Use npm init gatsby
with the y
flag to create an initial Gatsby site. The site includes a package.json
with Gatsby, React, and react-dom
installed, an empty gatsby-config.js
file, and two files in src/pages
- index.js
and 404.js
.
The repo also comes with a minimal gitignore file and README.
Instructor: [0:03] Run npm init gatsby. Use the -y flag and pass the directory name you'd like to use for your project. This will create an initial Gatsby site in that directory. Navigate to it and open up your text editor. Run npm run develop in order to see the site available on localhost.
[0:32] The initial site includes the package.json with React, ReactDOM and Gatsby packages installed, an empty gatsby-config file and two pages, an index page and a 404 page that will be rendered every time a user attempts to navigate to a URL that does not exist in your site.
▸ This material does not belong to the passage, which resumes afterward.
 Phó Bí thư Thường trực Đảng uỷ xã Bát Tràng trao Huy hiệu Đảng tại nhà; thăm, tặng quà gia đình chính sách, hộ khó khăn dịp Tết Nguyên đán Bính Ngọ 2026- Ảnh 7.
[1:01] We'll start by changing the index.js file. It comes with a number of expected documentation sites that might be useful for you when learning how to use Gatsby. We'll remove all of this as well as all of the JSX that renders it. Instead, we'll make a simple div that says, "Hello World." Save and watch the new page render.
[1:33] We'll do the same thing for the 404 page, for practice. Remove everything that's already there and update it with a simple div that says, "The big empty. This page does not exist." If we navigate to a page that doesn't exist, we should see our 404 page with the text that we've just added. We'll try no page as an example.